Ford Capri
Il s'appelait Gut'. On l'appelait Gut'. Comment il s'appelait, je ne sais plus, et l'ai-je vraiment su ?
Il était plus âgé. Il avait une amie, jolie comme un cœur, un petit cœur exotique, fragile, brune, émouvante avec sa peau d'ivoire et ses yeux en amande. Le couple qu'il formait avec sa bonne amie, était un des piliers de l'École Normale. Il y en avait quelques-uns comme ça. On enviait leur amour, on jalousait leur fidélité.
Gut' était un joyeux luron, toujours dans le rire, un peu dans la provocation. Il avait une voix douce, et disait en murmurant des horreurs qui faisaient fuir les bien-pensants. Je n'étais pas bien-pensante et j'aimais sa compagnie.

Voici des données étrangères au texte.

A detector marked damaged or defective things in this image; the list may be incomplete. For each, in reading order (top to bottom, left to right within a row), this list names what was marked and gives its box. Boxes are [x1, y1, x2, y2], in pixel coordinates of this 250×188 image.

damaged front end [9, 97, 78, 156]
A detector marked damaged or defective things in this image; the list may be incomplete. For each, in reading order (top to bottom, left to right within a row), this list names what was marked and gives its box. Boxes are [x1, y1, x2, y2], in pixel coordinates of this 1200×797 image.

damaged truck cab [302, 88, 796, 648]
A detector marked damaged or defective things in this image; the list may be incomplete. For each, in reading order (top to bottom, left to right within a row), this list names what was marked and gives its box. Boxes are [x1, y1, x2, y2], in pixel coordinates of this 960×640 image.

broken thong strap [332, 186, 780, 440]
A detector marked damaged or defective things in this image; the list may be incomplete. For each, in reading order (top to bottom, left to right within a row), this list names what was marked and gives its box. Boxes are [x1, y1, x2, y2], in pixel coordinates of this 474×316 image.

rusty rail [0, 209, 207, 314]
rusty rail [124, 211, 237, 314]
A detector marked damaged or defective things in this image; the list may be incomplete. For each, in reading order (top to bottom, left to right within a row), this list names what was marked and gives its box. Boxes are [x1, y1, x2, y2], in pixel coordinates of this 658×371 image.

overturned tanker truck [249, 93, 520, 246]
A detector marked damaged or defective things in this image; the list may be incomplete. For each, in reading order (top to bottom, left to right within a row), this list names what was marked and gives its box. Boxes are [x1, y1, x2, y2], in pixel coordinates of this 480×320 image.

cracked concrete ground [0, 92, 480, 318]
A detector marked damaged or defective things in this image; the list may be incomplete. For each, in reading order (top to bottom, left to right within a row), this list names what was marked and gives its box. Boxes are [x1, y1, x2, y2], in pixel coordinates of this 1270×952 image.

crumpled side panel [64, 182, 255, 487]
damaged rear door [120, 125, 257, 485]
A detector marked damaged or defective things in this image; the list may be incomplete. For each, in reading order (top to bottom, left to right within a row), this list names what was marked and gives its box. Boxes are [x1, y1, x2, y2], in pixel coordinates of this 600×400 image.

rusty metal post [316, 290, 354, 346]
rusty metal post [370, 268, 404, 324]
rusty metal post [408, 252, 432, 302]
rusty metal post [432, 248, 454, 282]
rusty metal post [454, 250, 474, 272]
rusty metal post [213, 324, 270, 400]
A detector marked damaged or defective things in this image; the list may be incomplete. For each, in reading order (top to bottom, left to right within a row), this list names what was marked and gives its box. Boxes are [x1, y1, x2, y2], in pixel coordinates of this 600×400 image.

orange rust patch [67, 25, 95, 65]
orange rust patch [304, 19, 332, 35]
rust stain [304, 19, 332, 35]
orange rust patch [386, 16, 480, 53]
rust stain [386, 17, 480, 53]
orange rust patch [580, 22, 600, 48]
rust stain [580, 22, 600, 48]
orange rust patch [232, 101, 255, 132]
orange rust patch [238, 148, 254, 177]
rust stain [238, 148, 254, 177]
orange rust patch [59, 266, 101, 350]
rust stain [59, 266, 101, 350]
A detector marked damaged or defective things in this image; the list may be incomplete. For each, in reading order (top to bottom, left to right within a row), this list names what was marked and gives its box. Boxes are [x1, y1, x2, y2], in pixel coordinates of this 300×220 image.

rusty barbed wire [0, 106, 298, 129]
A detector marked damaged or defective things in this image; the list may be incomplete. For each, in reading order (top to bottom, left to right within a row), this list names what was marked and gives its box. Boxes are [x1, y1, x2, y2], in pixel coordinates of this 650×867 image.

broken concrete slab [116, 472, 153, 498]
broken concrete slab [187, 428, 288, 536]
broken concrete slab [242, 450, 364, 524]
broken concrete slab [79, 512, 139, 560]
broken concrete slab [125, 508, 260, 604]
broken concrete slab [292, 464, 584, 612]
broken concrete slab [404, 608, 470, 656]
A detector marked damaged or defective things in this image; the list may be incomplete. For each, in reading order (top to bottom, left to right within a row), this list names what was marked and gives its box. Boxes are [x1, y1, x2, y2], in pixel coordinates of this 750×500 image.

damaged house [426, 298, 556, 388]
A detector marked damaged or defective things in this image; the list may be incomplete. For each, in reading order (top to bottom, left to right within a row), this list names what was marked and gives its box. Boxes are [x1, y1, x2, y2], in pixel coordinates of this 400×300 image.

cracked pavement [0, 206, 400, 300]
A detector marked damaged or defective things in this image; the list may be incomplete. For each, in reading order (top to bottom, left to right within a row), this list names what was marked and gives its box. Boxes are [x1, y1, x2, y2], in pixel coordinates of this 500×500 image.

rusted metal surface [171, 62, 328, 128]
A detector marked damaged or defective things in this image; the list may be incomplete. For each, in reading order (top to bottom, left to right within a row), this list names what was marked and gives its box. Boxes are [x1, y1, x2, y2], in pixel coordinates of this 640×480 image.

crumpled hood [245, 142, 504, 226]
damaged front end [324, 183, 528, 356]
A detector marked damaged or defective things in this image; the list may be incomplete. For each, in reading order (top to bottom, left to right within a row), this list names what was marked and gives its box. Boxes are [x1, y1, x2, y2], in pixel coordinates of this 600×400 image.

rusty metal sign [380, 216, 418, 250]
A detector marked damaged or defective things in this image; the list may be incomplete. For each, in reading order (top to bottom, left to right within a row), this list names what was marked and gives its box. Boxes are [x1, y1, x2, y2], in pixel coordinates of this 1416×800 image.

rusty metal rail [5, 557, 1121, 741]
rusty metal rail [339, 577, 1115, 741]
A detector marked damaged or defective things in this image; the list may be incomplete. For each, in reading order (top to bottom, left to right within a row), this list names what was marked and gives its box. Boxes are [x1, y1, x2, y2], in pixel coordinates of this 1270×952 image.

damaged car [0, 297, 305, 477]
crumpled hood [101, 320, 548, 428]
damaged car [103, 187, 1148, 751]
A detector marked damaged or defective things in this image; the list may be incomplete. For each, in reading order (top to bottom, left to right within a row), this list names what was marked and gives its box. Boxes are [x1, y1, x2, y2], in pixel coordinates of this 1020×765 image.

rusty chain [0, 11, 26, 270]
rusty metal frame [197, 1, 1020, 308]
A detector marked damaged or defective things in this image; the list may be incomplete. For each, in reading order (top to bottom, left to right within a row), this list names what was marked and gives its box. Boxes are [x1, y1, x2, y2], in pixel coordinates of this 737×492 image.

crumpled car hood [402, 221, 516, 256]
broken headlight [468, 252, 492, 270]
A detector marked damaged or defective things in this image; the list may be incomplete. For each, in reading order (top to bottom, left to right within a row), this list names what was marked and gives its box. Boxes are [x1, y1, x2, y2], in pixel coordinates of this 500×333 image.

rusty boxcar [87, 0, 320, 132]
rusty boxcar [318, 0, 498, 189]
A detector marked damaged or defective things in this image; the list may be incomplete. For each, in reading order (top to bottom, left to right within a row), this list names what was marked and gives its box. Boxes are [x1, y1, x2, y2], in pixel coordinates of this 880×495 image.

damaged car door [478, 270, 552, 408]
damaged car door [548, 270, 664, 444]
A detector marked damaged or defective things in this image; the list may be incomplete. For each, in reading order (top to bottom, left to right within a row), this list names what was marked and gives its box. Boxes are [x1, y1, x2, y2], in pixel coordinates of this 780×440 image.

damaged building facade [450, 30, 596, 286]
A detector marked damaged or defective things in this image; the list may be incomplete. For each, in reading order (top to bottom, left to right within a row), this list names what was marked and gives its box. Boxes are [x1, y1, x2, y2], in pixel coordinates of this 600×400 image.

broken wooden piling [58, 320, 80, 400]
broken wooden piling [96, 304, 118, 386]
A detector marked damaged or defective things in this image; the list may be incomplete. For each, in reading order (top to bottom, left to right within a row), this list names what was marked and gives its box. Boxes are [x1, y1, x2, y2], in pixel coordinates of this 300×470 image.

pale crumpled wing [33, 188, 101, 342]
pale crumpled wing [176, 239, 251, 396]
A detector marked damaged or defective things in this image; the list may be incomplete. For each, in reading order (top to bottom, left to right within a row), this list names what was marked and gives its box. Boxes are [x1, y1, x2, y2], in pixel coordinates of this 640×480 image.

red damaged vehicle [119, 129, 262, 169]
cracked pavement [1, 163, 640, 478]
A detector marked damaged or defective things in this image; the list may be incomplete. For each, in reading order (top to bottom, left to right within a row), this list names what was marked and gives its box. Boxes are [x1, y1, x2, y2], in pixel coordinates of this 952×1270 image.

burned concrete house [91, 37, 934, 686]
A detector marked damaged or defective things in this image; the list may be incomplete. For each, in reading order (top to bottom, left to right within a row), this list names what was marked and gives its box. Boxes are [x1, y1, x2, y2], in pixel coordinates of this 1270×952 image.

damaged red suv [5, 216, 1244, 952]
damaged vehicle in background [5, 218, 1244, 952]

Gut' était roux, avec une peau blanche et on voyait ses veines. Il jouait de la guitare, c'était assez commun en ces années lointaines et c'était un moyen sûr pour se constituer une cour. Je faisais partie de cette cour-là.
Gut' avait une voiture, nous n'en avions pas tous, avions-nous seulement le permis ? Une vieille Ford Capri bleu ciel avec les vitesses au plancher.
Le soir, il partait en balade avec sa chérie. Plus tard, il la raccompagnait à l'école des filles. Elle rentrait travailler. Lui, il rejoignait ses potes dans des bars. Je traînais les bars aussi. Moi aussi, je dormais à l'école des filles. Dans la nuit, je faisais le mur à l'envers. Je passais par la fenêtre d'un atelier qu'on laissait ouverte à dessein et rentrais au dortoir pour dormir jusqu'au matin. Je n'étais pas fragile, sauter, enjamber, courir, pour moi, c'était facile. Je n'étais pas farouche, non plus. Si j'avais peur de l'amour, ses jeux ne m'effrayaient guère. Un soir, après un bar, Gut' me raccompagna.
Prax me dit que la banquette arrière de la Ford Capri était étroite, elle fut bien assez vaste pour accueillir nos rires, nos caresses, nos étreintes.
Je n'étais pas compliquée, je ne demandais rien. Le lendemain, il embrassait sa douce et me saluait de la main.